This chief promised to pray like a white man every morning, and to bury the dead as the whites do. “I often wondered,” he said, “where the dead went to. Now I am glad to know”; and at last acknowledged the whiskey, saying he was sorry to have been caught making the bad stuff. The behavior of all, even the little ones circled around the fire, was very good. There was no laughter when the strange singing commenced. They only gazed like curious, intelligent animals. A little daughter of the chief with the glow of the firelight on her eyes made an interesting picture, head held aslant. Another in the group, with upturned eyes, seeming to half understand the strange words about God, might have passed for one of Raphael’s angels.

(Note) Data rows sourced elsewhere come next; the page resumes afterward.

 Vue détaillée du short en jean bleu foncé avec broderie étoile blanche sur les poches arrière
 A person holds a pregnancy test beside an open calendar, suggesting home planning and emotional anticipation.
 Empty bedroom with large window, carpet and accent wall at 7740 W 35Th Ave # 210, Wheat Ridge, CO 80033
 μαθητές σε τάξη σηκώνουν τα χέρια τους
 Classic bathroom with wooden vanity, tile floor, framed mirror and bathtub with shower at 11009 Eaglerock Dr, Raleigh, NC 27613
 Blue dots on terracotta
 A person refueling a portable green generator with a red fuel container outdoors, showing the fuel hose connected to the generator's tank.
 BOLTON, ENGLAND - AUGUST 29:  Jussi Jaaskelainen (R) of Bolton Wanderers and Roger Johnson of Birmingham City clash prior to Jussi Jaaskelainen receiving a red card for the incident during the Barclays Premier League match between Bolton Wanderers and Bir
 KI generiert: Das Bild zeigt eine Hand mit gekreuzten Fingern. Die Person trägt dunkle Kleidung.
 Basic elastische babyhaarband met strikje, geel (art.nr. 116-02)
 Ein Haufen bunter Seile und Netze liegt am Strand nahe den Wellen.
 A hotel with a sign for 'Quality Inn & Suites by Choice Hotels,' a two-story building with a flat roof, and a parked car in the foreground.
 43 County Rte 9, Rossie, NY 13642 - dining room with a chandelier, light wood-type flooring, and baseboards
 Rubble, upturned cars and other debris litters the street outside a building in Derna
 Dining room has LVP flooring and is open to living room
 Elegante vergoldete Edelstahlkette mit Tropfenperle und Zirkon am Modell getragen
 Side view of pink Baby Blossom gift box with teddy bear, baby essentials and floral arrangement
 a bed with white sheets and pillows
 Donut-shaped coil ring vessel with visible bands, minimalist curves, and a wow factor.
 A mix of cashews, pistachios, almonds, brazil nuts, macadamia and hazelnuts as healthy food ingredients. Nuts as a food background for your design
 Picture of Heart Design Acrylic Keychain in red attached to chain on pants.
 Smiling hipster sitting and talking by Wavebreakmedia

The chief’s house was about forty feet square, of the ordinary fort kind, but better built and cleaner than usual. The side-room doors were neatly paneled, though all the lumber had been nibbled into shape with a small narrow Indian adze. We had our tent pitched on a grassy spot near the beach, being afraid of wee beasties; which greatly offended Kadachan and old Toyatte, who said, “If this is the way you are to do up at Chilcat, we will be ashamed of you.” We promised them to eat Indian food and in every way behave like good Chilcats.

We set out direct for Chilcat in the morning against a brisk head wind. By keeping close inshore and working hard, we made about ten miles by two or three o’clock, when, the tide having turned against us, we could make scarce any headway, and therefore landed in a sheltered cove a few miles up the west side of Lynn Canal. Here I discovered a fine growth of yellow cedar, but none of the trees were very large, the tallest only seventy-five to one hundred feet high. The flat, drooping, plume-like branchlets hang edgewise, giving the trees a thin, open, airy look. Nearly every tree that I saw in a long walk was more or less marked by the knives and axes of the Indians, who use the bark for matting, for covering house-roofs, and making temporary portable huts. For this last purpose sections five or six feet long and two or three wide are pressed flat and secured from warping or splitting by binding them with thin strips of wood at the end. These they carry about with them in their canoes, and in a few minutes they can be put together against slim poles and made into a rainproof hut. Every paddle that I have seen along the coast is made of the light, tough, handsome yellow wood of this tree. It is a tree of moderately rapid growth and usually chooses ground that is rather boggy and mossy. Whether its network of roots makes the bog or not, I am unable as yet to say.